Мне казалось, что в душе мать была рада моему отъезду. Отъезд был веянием времени. Как все запасались на зиму мукой, сахаром или картошкой, потому что потом не будет, как все запасались водой, потому что вечером отключат, как бросались в сертификатный, где выбросили итальянскую обувь, или в торгсин, где появились кассеты Maxell, так все сейчас потянулись на выезд. Это был обычный рефлекс вечно голодной толпы на очередную возможность схватить то, чего потом снова не будет. Мать прожила в этой традиции постоянного ожидания удачи всю жизнь и не хотела, чтобы я упускал свой шанс. Нет, я не хочу сказать, что мой отъезд был ей безразличен. Она не могла не понимать, что мы можем больше не увидеться. Несмотря на весь наш оптимизм, кто мог знать, как я устроюсь в Америке? Но она надеялась на лучшее и, помимо этого, она, может быть, даже не отдавая себе в этом отчета, считала, что мой отъезд снимет с нее ответственность за то, что я ушел из дому из-за ее нового мужа. Уезжая, я окончательно отказывался от своей доли нашей главной ценности – жилплощади.

Глава 35

Мы расписались в районном ЗАГСе на Черемушках. Накануне, возвращаясь с урока, я сошел с трамвая на Соборной и купил ведро роз. Хотел белые, но у теток были только красные. Продавщица, не веря своему счастью, отдала мне все ведро, посчитав за него еще пять рублей, и так я с ним и пошел домой. Наташа ахнула, потом оказалось, что нам не во что ставить цветы. Вазы у нас не было, и мы оставили цветы в ведре посреди комнаты.

– У меня никогда такого не было, – сказала она. – Я не могла себе представить, что к свадьбе у нас совершенно не останется друзей. Мы просто осиротели с тобой.

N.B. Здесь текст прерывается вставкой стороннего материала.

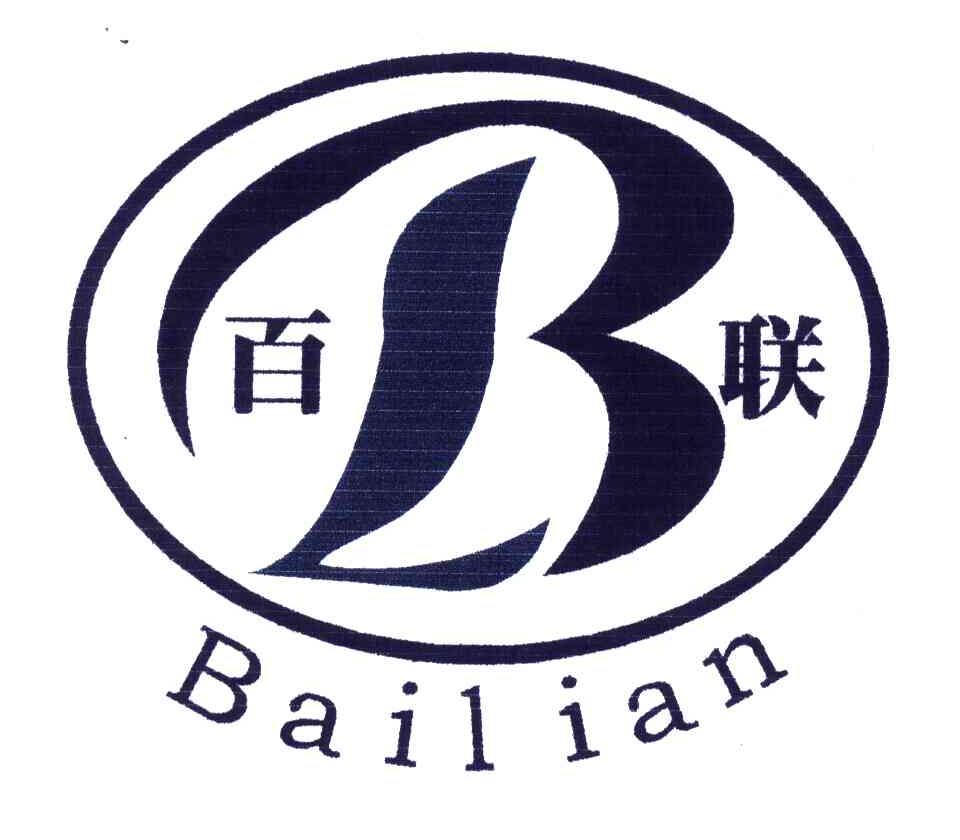百联;B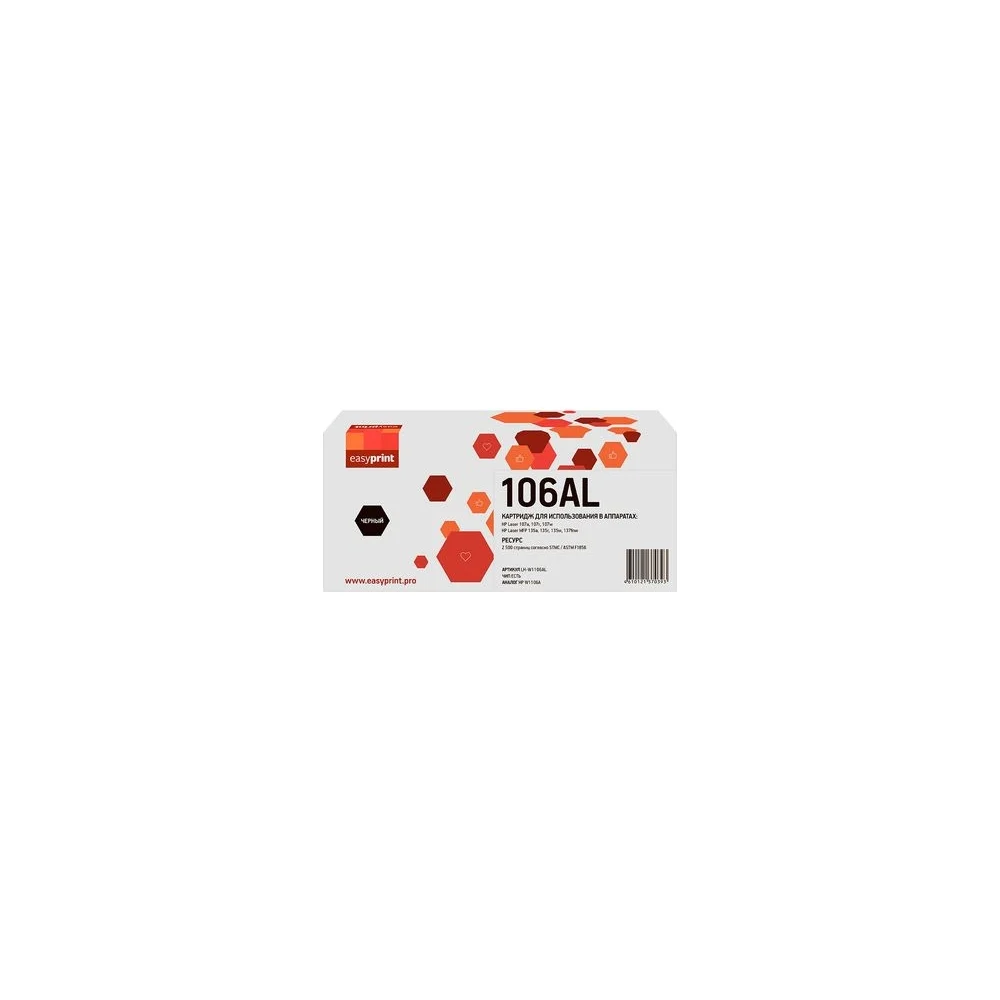 Картридж для HP Laser 107a, 107r, 107w, MFP 135a, 135r, 135w, 137fnw EasyPrint W1106AL LH-W1106AL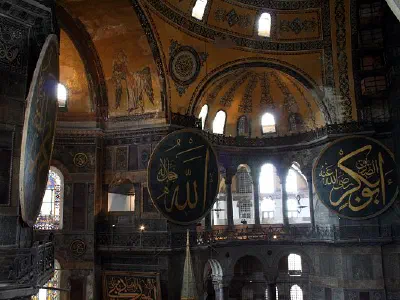Interior of Hagia Sophia from upstairs gallery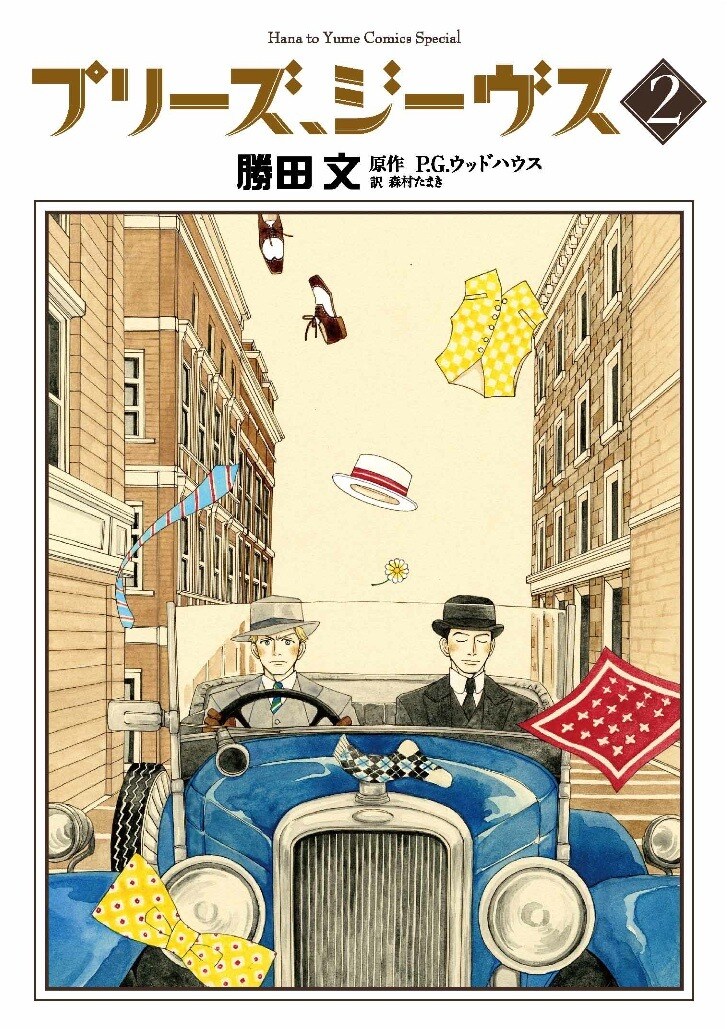 「プリーズ、ジーヴス」2巻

На следующий день с утра пошел дождь. Снежные сугробы у деревьев и на газонах почернели, мокрые черные деревья выглядели так, словно их покрывала прозрачная студенистая масса, у края мостовых собрались черные лужи. К зданию ЗАГСа такси почти подплыло. За дверью с красной вывеской открылся обычный казенный коридор с крашенными темно-зеленой краской стенами и мутным светом. Встретившая нас секретарша проверила в своей книге наши фамилии и, поставив возле них птички, предложила подождать очереди в комнате жениха и невесты. На двери, к которой она нас подвела, действительно значилось “Комната жениха и невесты”. Комната оказалась покрашена той же мрачной зеленой краской. На полу лежал протертый до желтых пятен ковер, у стен стояли два продавленных кресла с коричневой дерматиновой обивкой. Одна из стен была закрыта темно-вишневым бархатным занавесом. Я откинул его, обнаружив за ним глухую стену.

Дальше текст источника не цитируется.